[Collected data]
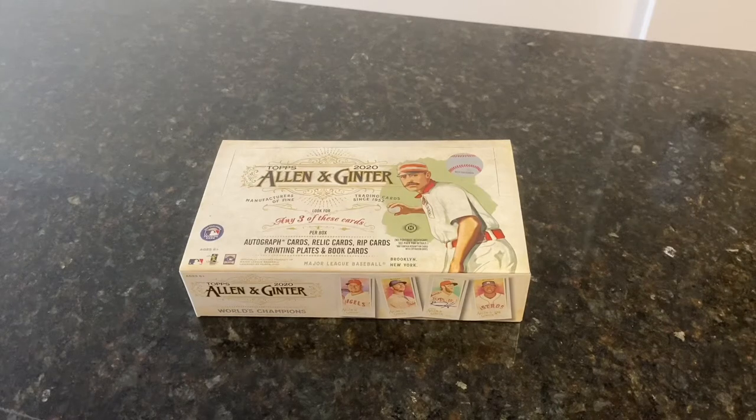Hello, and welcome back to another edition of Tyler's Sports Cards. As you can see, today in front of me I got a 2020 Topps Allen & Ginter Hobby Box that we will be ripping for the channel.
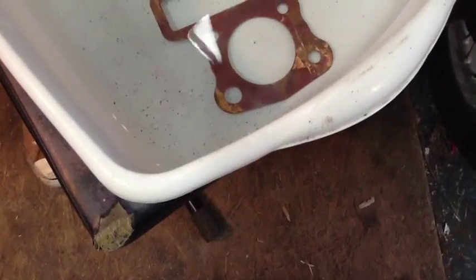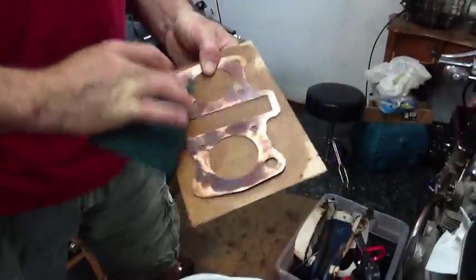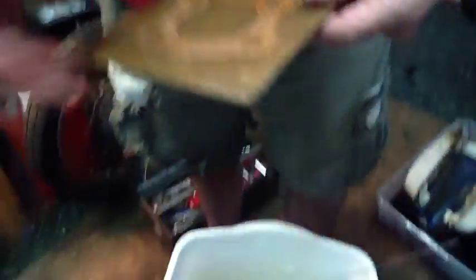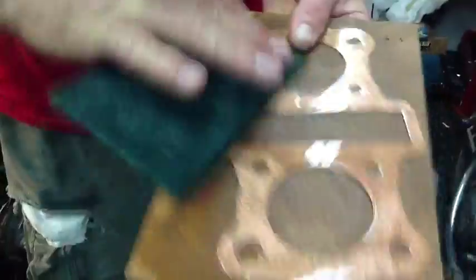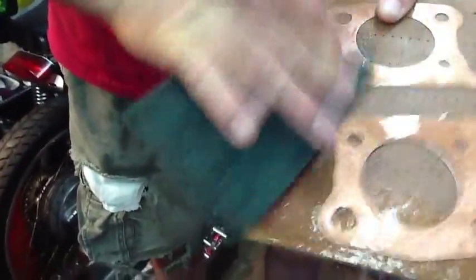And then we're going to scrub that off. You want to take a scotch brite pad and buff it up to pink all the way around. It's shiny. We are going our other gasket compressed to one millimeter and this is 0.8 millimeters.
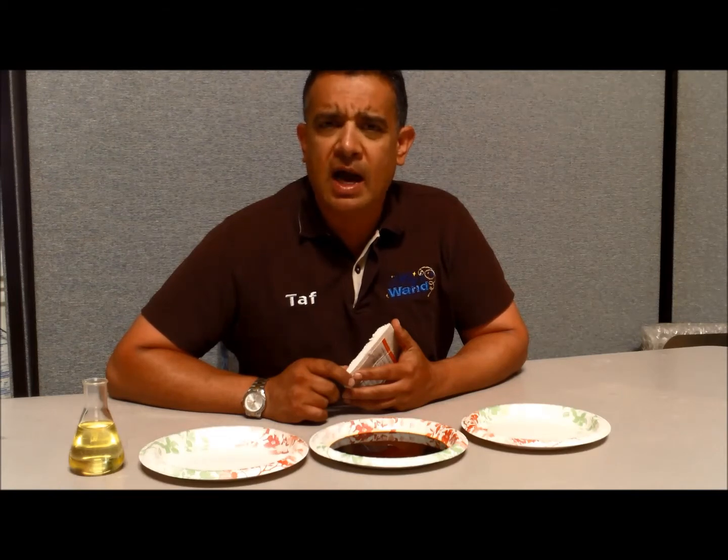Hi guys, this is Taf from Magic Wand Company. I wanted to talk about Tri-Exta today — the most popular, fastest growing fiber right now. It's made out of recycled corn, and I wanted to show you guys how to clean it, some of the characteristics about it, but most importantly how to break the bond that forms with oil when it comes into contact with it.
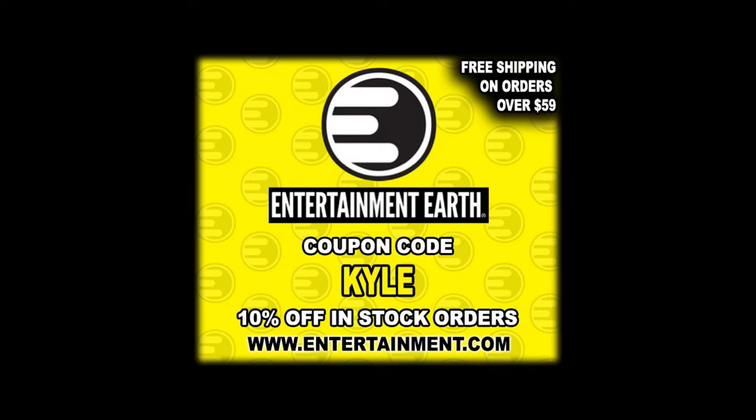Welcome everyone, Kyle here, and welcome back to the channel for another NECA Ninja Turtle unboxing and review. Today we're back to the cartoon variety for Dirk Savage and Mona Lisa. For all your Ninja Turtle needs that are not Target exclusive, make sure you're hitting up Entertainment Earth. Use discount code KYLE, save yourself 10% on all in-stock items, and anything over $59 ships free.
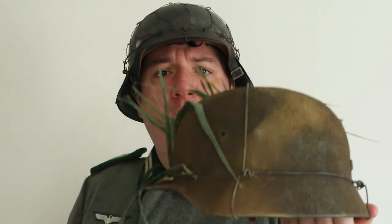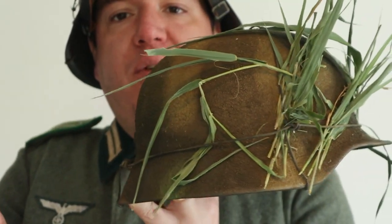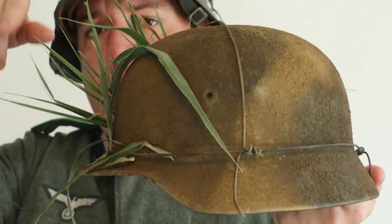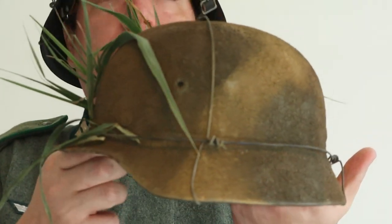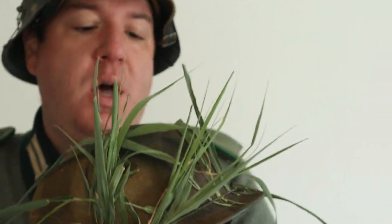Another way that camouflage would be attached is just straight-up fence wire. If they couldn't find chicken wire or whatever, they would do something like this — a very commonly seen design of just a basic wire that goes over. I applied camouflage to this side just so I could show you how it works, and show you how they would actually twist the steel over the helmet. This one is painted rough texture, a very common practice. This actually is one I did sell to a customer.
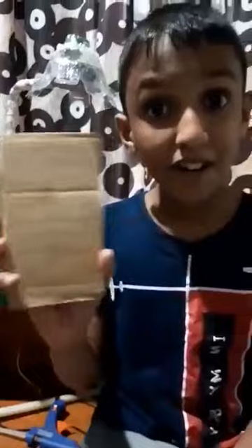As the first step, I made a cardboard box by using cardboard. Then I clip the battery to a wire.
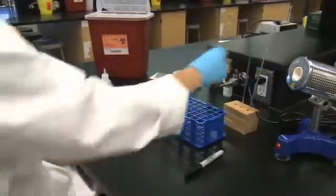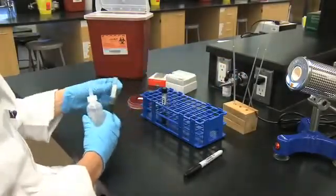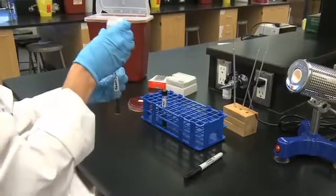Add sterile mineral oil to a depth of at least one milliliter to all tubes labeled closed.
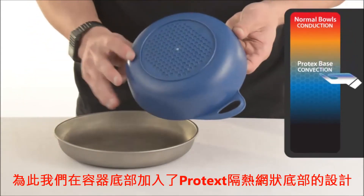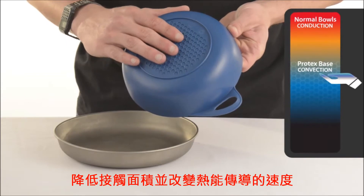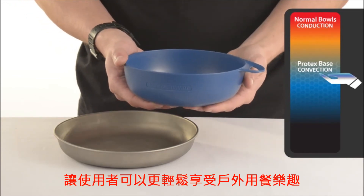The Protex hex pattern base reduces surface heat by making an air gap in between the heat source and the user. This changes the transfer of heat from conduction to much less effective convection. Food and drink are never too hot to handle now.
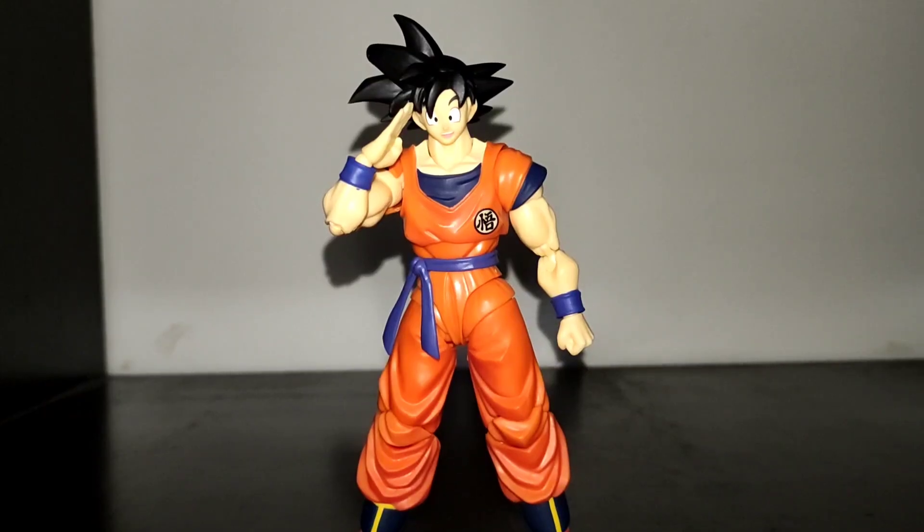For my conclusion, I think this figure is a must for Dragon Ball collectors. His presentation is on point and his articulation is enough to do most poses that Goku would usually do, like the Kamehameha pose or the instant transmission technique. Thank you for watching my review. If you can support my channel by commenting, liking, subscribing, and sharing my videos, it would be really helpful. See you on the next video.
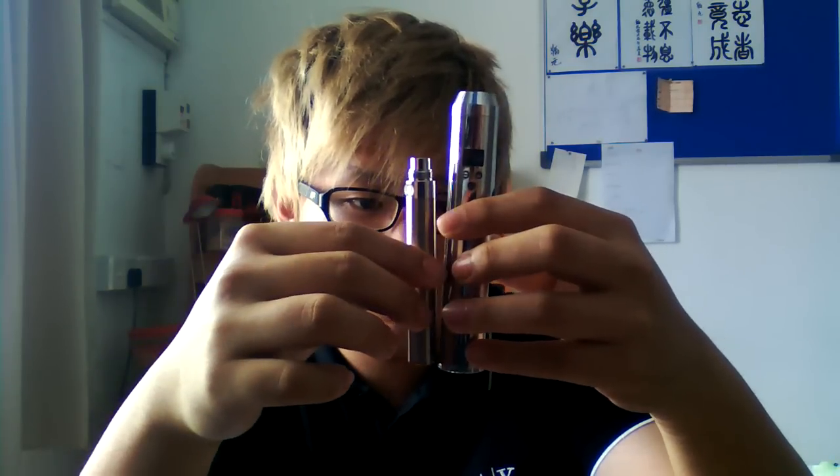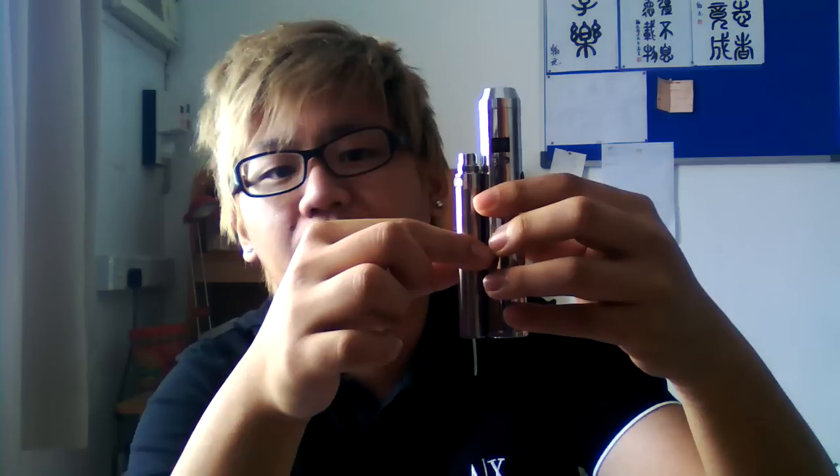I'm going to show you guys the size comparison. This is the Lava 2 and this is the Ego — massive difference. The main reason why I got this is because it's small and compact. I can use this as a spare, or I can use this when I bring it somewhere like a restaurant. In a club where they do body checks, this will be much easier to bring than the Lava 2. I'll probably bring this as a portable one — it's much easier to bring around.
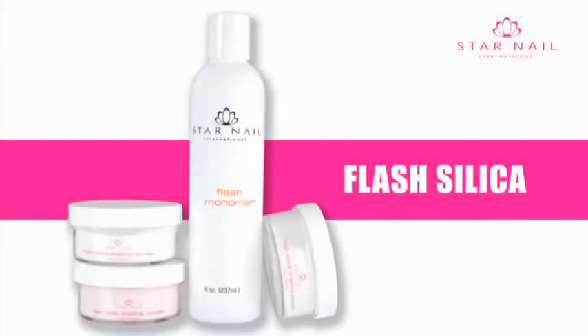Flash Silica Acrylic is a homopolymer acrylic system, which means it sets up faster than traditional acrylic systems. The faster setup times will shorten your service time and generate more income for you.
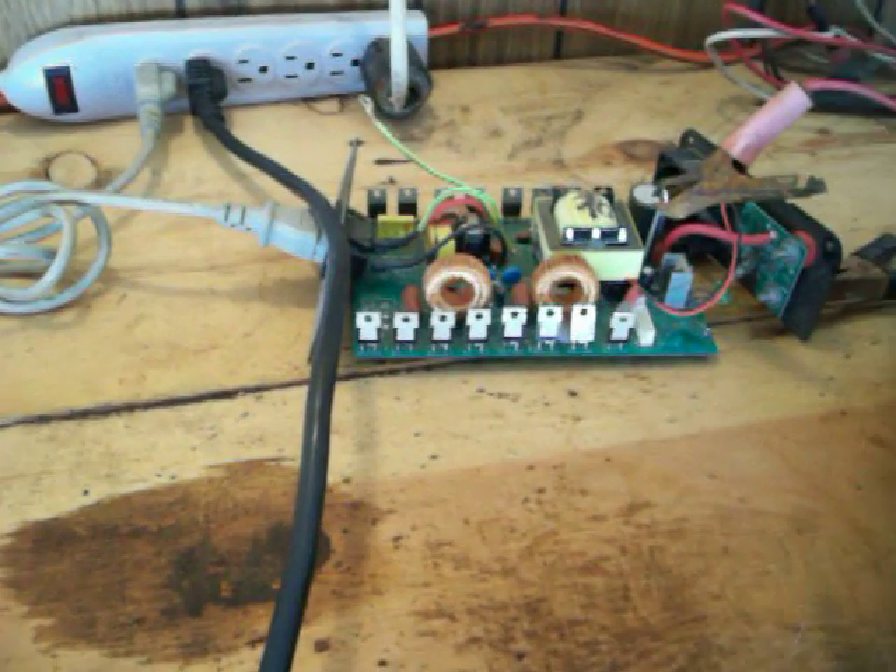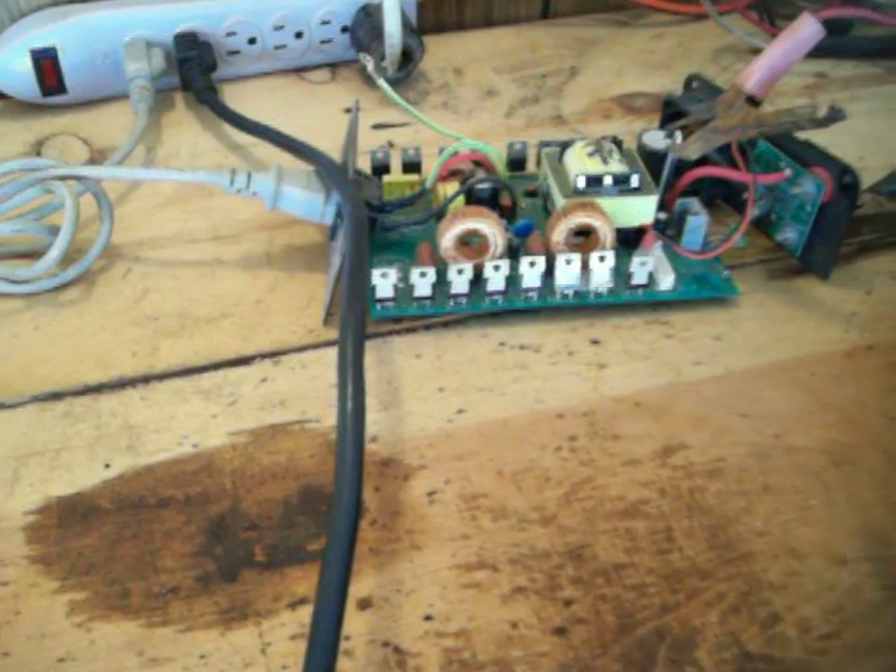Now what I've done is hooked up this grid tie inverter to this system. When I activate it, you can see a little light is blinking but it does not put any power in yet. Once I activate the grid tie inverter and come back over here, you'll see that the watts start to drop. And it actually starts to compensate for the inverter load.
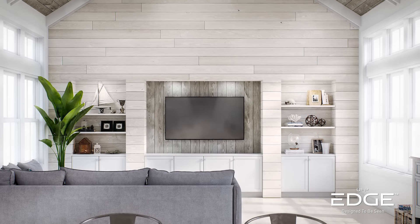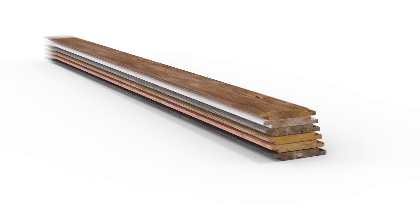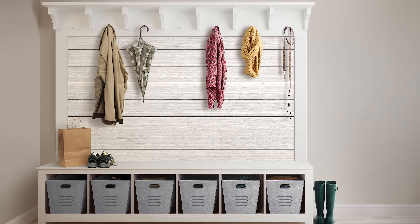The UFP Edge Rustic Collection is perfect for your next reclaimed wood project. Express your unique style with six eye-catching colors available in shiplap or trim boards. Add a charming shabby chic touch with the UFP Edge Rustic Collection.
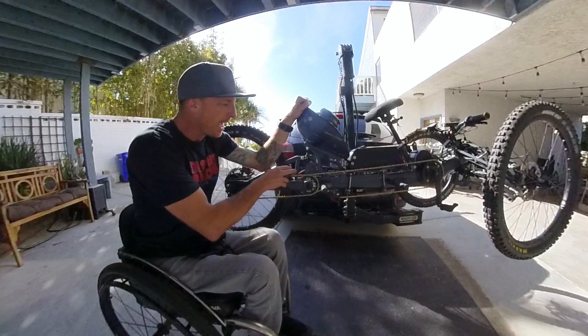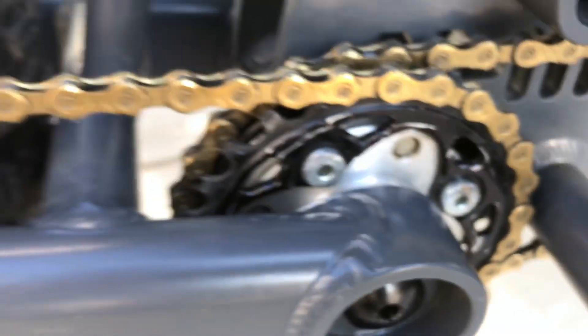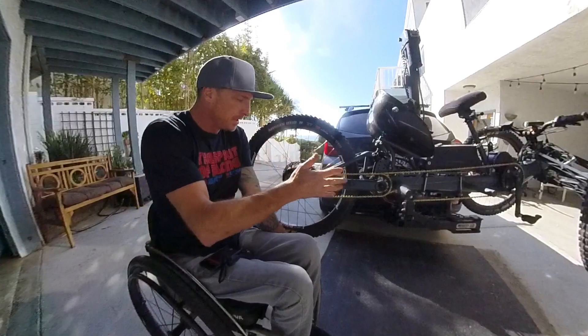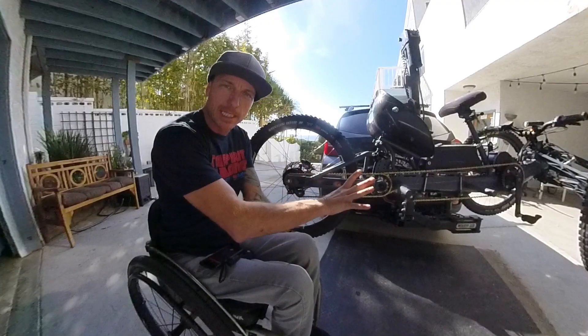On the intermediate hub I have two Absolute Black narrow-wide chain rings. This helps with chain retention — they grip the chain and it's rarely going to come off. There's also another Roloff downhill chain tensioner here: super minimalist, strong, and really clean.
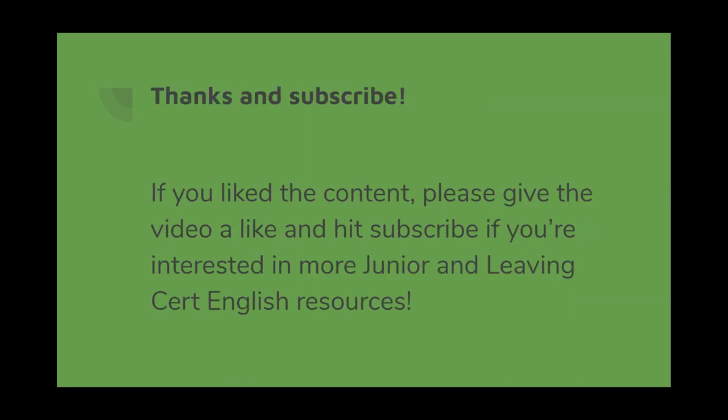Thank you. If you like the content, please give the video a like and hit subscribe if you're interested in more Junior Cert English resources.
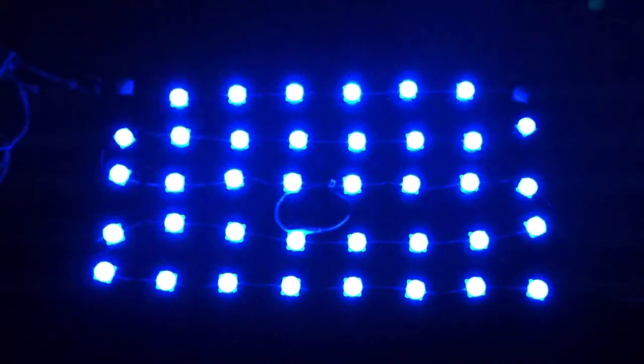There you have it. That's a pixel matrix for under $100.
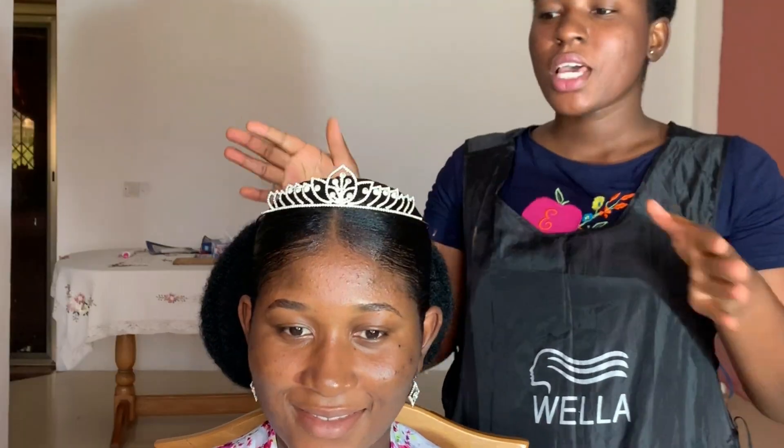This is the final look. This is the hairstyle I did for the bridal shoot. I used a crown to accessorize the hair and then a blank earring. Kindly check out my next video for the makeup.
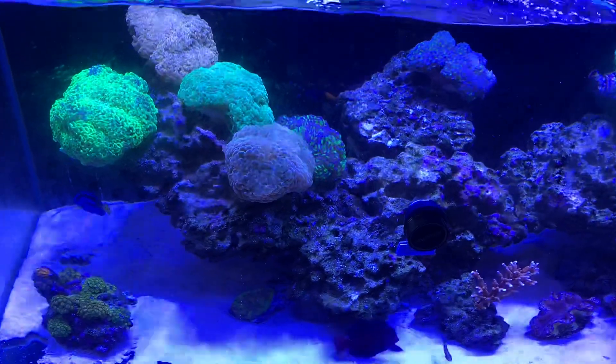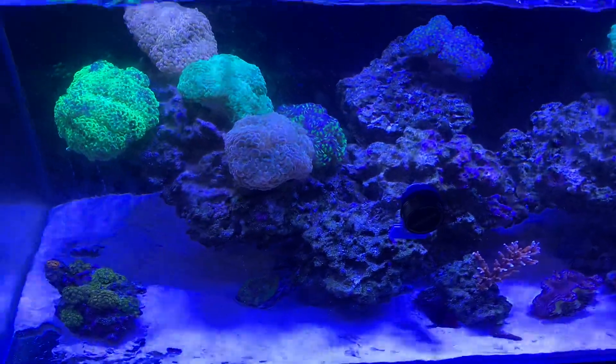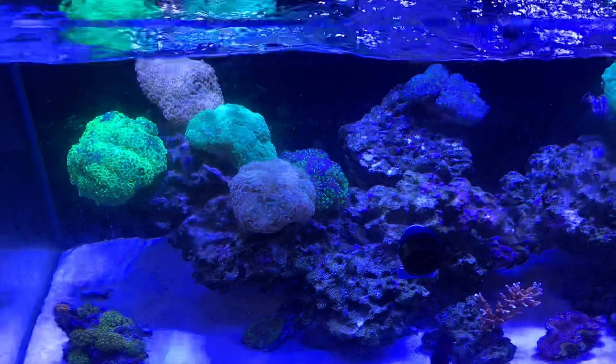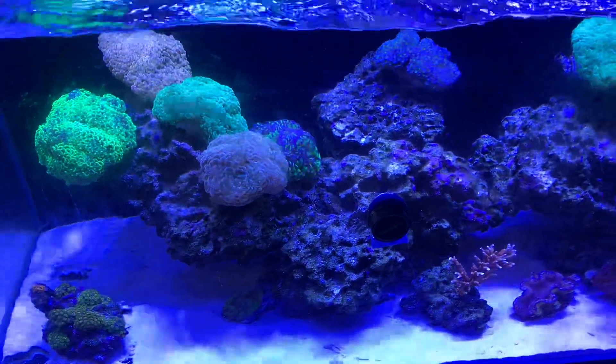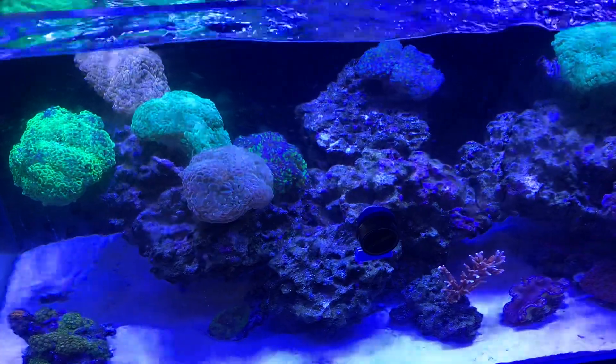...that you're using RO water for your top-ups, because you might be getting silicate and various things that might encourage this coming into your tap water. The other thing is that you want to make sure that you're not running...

Work order =
When copying the data above, repeat every word exactly and drop the pictures.

Written reply =
Hello, and welcome back to another edition of Tyler's Sports Cards. As you can see, today in front of me I got a 2020 Topps Allen & Ginter Hobby Box that we will be ripping for the channel.
And then we're going to scrub that off. You want to take a scotch brite pad and buff it up to pink all the way around. It's shiny. We are going our other gasket compressed to one millimeter and this is 0.8 millimeters.
Hi guys, this is Taf from Magic Wand Company. I wanted to talk about Tri-Exta today — the most popular, fastest growing fiber right now. It's made out of recycled corn, and I wanted to show you guys how to clean it, some of the characteristics about it, but most importantly how to break the bond that forms with oil when it comes into contact with it.
Welcome everyone, Kyle here, and welcome back to the channel for another NECA Ninja Turtle unboxing and review. Today we're back to the cartoon variety for Dirk Savage and Mona Lisa. For all your Ninja Turtle needs that are not Target exclusive, make sure you're hitting up Entertainment Earth. Use discount code KYLE, save yourself 10% on all in-stock items, and anything over $59 ships free.
Another way that camouflage would be attached is just straight-up fence wire. If they couldn't find chicken wire or whatever, they would do something like this — a very commonly seen design of just a basic wire that goes over. I applied camouflage to this side just so I could show you how it works, and show you how they would actually twist the steel over the helmet. This one is painted rough texture, a very common practice. This actually is one I did sell to a customer.
As the first step, I made a cardboard box by using cardboard. Then I clip the battery to a wire.
Add sterile mineral oil to a depth of at least one milliliter to all tubes labeled closed.
The Protex hex pattern base reduces surface heat by making an air gap in between the heat source and the user. This changes the transfer of heat from conduction to much less effective convection. Food and drink are never too hot to handle now.
For my conclusion, I think this figure is a must for Dragon Ball collectors. His presentation is on point and his articulation is enough to do most poses that Goku would usually do, like the Kamehameha pose or the instant transmission technique. Thank you for watching my review. If you can support my channel by commenting, liking, subscribing, and sharing my videos, it would be really helpful. See you on the next video.
I'm going to show you guys the size comparison. This is the Lava 2 and this is the Ego — massive difference. The main reason why I got this is because it's small and compact. I can use this as a spare, or I can use this when I bring it somewhere like a restaurant. In a club where they do body checks, this will be much easier to bring than the Lava 2. I'll probably bring this as a portable one — it's much easier to bring around.
Flash Silica Acrylic is a homopolymer acrylic system, which means it sets up faster than traditional acrylic systems. The faster setup times will shorten your service time and generate more income for you.
Now what I've done is hooked up this grid tie inverter to this system. When I activate it, you can see a little light is blinking but it does not put any power in yet. Once I activate the grid tie inverter and come back over here, you'll see that the watts start to drop. And it actually starts to compensate for the inverter load.
The UFP Edge Rustic Collection is perfect for your next reclaimed wood project. Express your unique style with six eye-catching colors available in shiplap or trim boards. Add a charming shabby chic touch with the UFP Edge Rustic Collection.
On the intermediate hub I have two Absolute Black narrow-wide chain rings. This helps with chain retention — they grip the chain and it's rarely going to come off. There's also another Roloff downhill chain tensioner here: super minimalist, strong, and really clean.
Thank you. If you like the content, please give the video a like and hit subscribe if you're interested in more Junior Cert English resources.
There you have it. That's a pixel matrix for under $100.
This is the final look. This is the hairstyle I did for the bridal shoot. I used a crown to accessorize the hair and then a blank earring. Kindly check out my next video for the makeup.
...that you're using RO water for your top-ups, because you might be getting silicate and various things that might encourage this coming into your tap water. The other thing is that you want to make sure that you're not running...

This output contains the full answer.